何もなくてガランとした神社には行っても、ふだんは寺院にはあまり足が向きません。 でもそのなかで、奈良時代の寺や、禅寺には自分の「感性」次第で、想像で遊べるような気がするのでときどき訪れます。 |
法隆寺はあまりにも有名すぎて、知ってるつもりで今まで行ったことがなかったです。
年に2回の秘宝展、聖徳太子をかたどったといわれる救世観音立像の公開…
じゃ、行ってみようか…と。
久しぶりに仏像と対面して… (ちゃんと敬語を使わないといけないですね)
リアルで表情もあって、また年月の重みからくる色合いの深さがやはりこわいというのが第一印象。

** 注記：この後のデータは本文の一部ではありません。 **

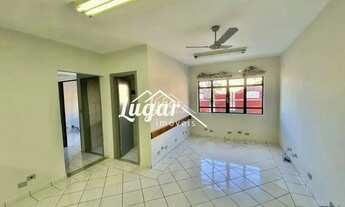 Imagem: Sala à venda, Centro - Marília/SP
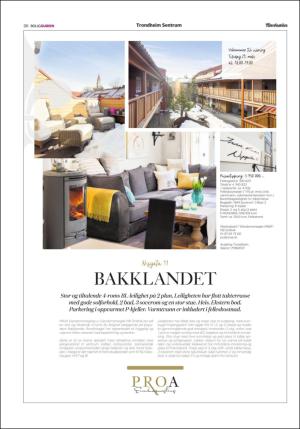 adresseavisen_bog-20160326_000_00_00_020.pdf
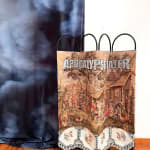 DAGNINI, unbothered. moisturized. happy. in my lane. focused. flourishing, 2025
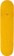 Quasi Henry Dreamer 8.25 Skateboard Deck - top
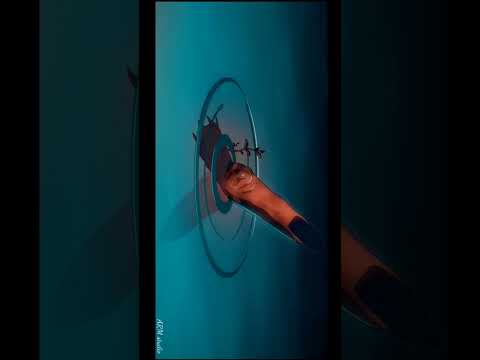 Jujutsu kisen edit amv - Paris [ Dj Fasta Remix ]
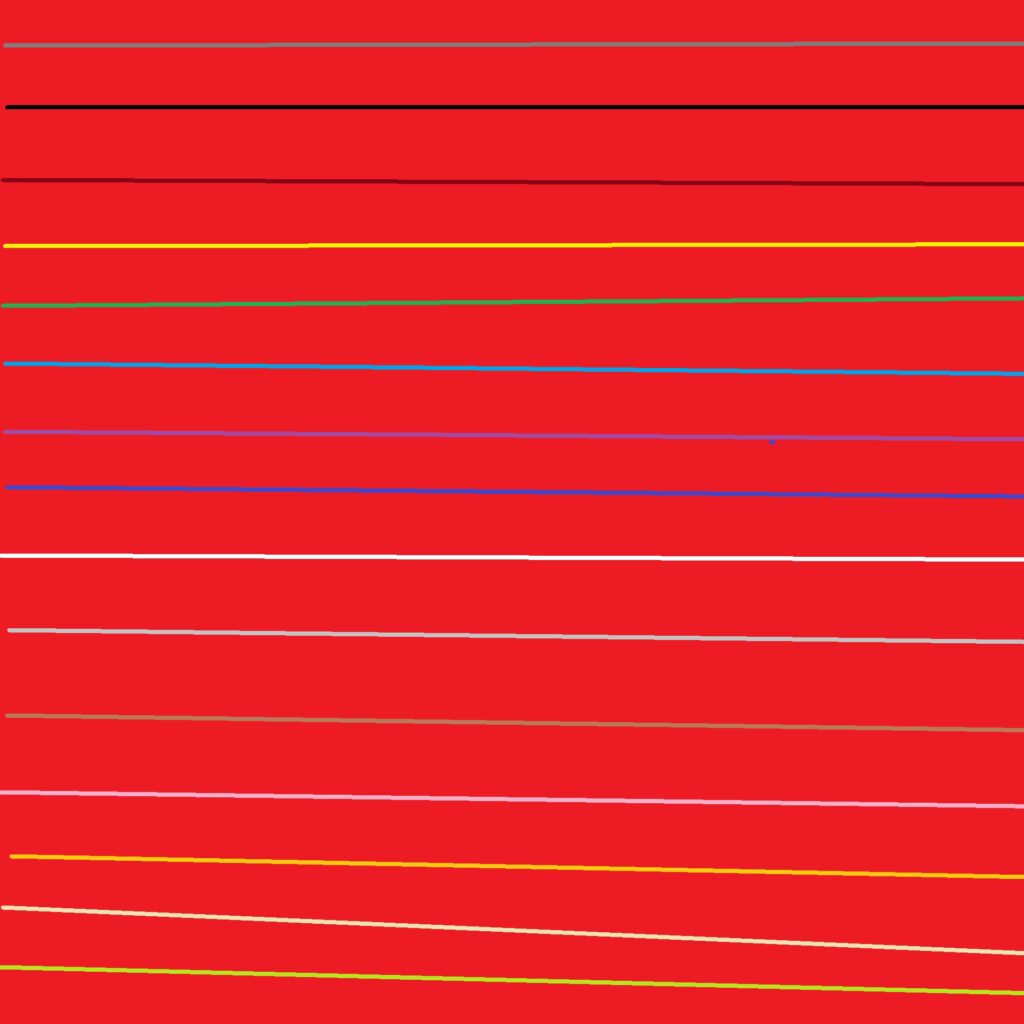 Brotherhood IT Solutions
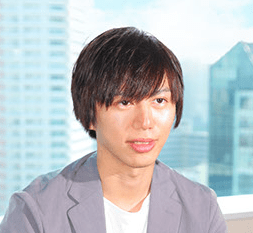 Naoki.Umegatani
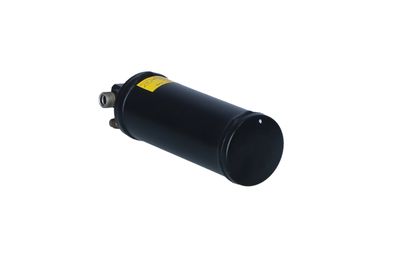 USCATOR AER CONDITIONAT NRF 33160 31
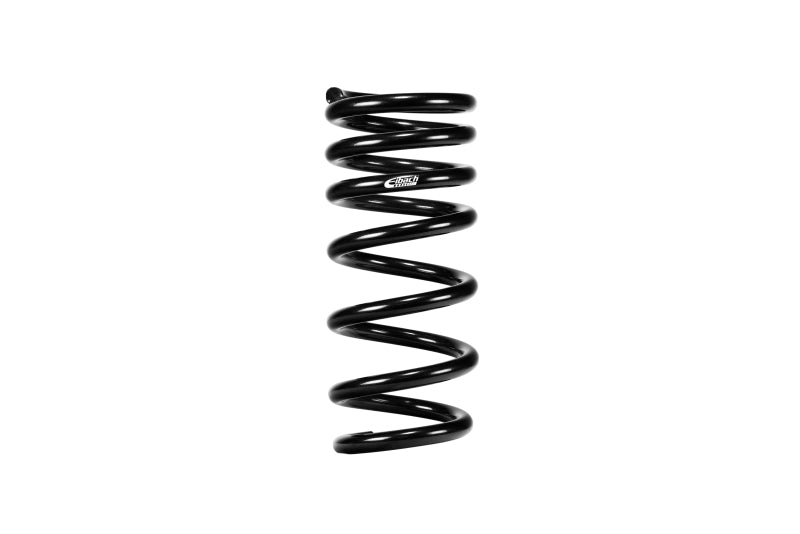 Load image into Gallery viewer, Eibach 23-24 Nissan Z 3.0L / 6 Cyl. Twin Turbo RWD RZ34 - Pro-Kit -(Set of 4)
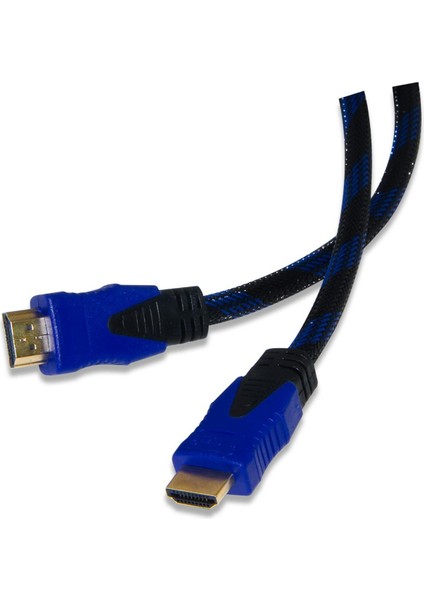 Inca IHK-15T 15 Metre Hdml To Hdml 2.0V fiyatları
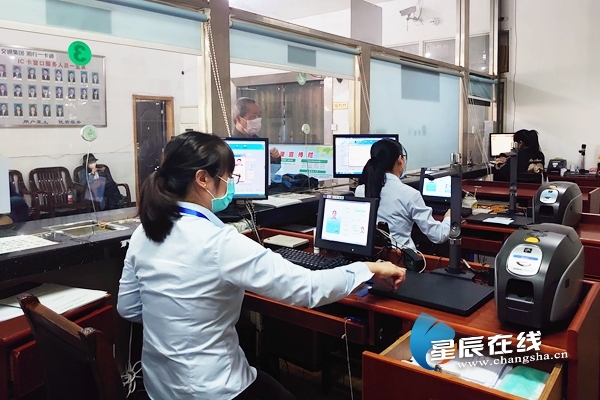 国企唱红歌,国企大合唱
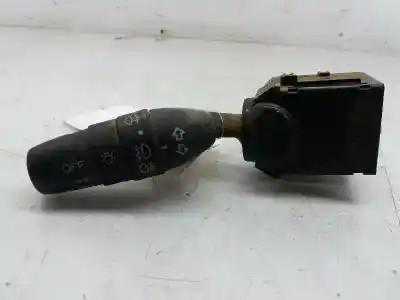 Автозапчастина б/у управління світлом для honda civic lim.4 (fd) 1.8 vtec cat посилання на oem iam 35255snas01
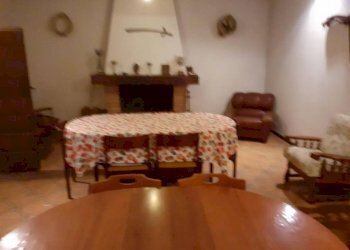 14099b41 ea94 47d1 8d20 416716bad57f - Rustic via CAPPELLANO, Carpi - photo 4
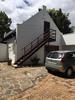  Property For Rent in Dalsig, Stellenbosch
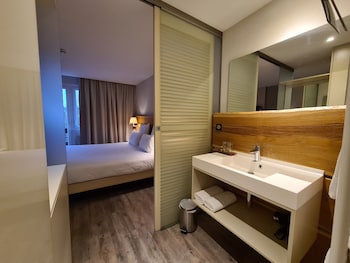 maison jenny hotel restaurant and spa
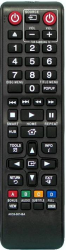 Пульт для Samsung AK59-00148A, AK59-00149A, AK59-00146A, AK59-00166A, AK59-00173A
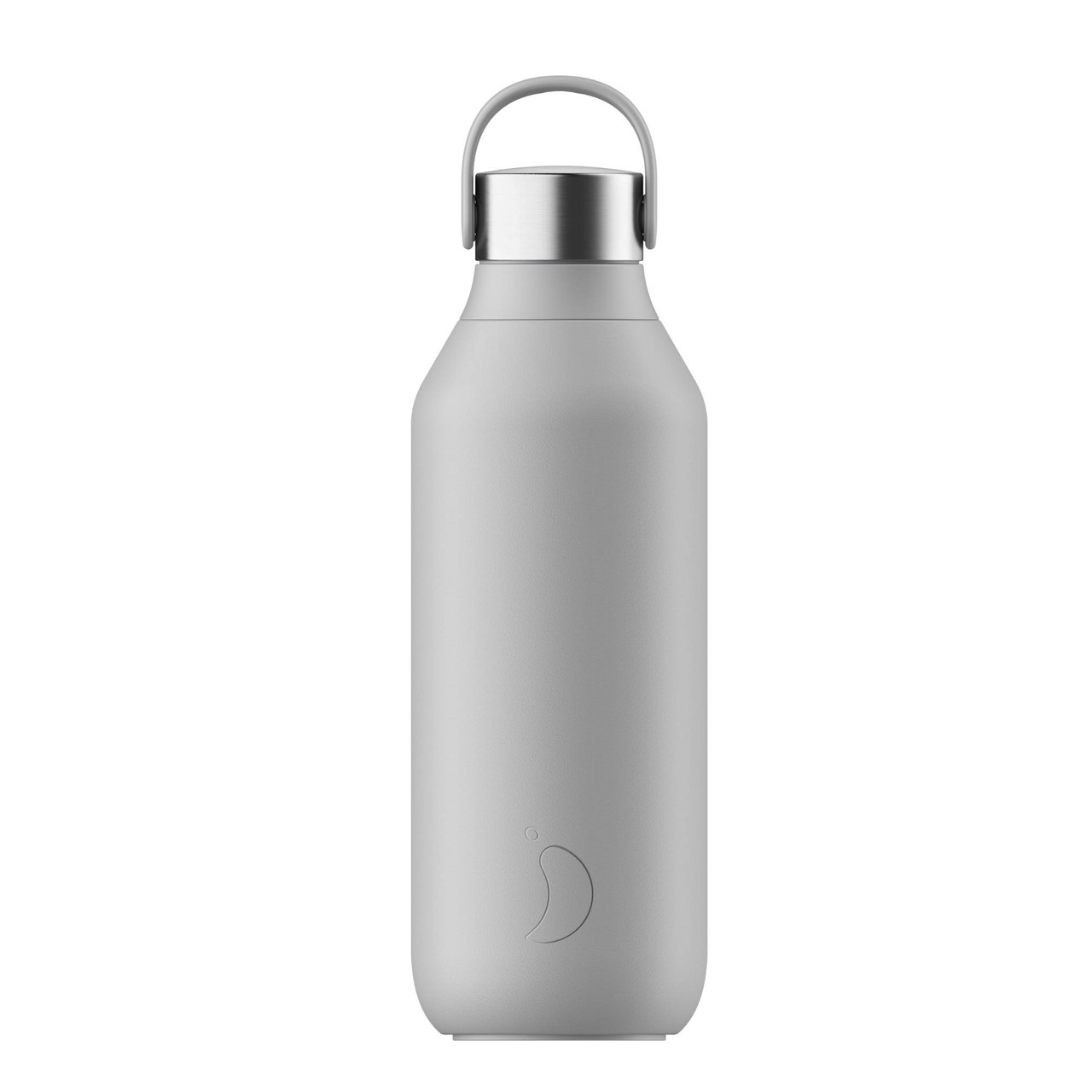 Chilly's Bottles Series 2 - 500ml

仏像にはそれを作った人の想いも入っているだろうし、長年にわたって人々によって祈りの心が積み重ねられているように思われて、それらがすべて向かってくるような圧迫感。
以前の自分では感じられない別の静かなこわさも感じました。
それは… じっと見つめていると 鏡 のように思えてくるこわさ。
自分の方が見ているのに、自分の中に仏像の中の何かと同調する部分があるかないか、
じっと見透かされているような感じ。
そしてその同調する部分だけが 鏡 に映されるような感覚。
まだまだ善人になったわけではないんだけれども、
年令の分だけ、少し謙虚になり透明になった部分、
その部分の広さ、深さが、すうっと推し量られるような感覚。
そしてその透明のコップのような部分に、
仏像の透明のコップから水が注ぎ込まれてくるような感覚。
パソコンに置き換えて連想してみると…
ダウンロード、インストールのよう。
最低限の環境が整って、ある程度共通するものがないとダウンロードできない。
そしてダウンロードしても
インストーラを自分でダブルクリックしなければインストールができない。
インストール後、不具合がでないかどうかは心の環境しだいであると。
平安以前の仏像はやさしいです。
そして白鳳時代のものは、なんだか人間技ではない神々しさを感じます。
そう思ったことはありませんか?
いったい白鳳時代の人々の質というのはどのようなものだったのでしょうか。
技術の緻密さ、精巧さに加えて優しさ、人間味があって、なだらかな情感がまるで生きているように優しく伝わってきます。
たぶん毎日、朝から晩まで、一生をかけて作り、場合によっては次の代の者が続きを作り…
そのころの人々の人生観はどうだったんだろう。
生きがいとか、目標とかそんなものを超えたところにあるように思えませんか?
帰りのバスから斑鳩の山に夕日が落ちるのをながめ、反対側の窓の向こう、御蓋山の麓の春日大社にお参りしての帰り道、近鉄奈良駅前の本屋によりました。
そこで偶然見つけて買った絵本が 『光り降る音』。
鳳笙の物語。
雅楽の楽器、笙(しょう)の音色について書かれた叙情的な物語。
(あの雅楽演奏家の東儀氏が繊細な絵を描いてます…。)
笙は鳳凰が翼をたたんだ姿をかたどってデザインされたらしいです。
そのとき思い出しました。 法隆寺夢殿の手水舎には鳳凰の像があったことを。
なんだかその鳳凰がこの本に導いてくれたように感じました。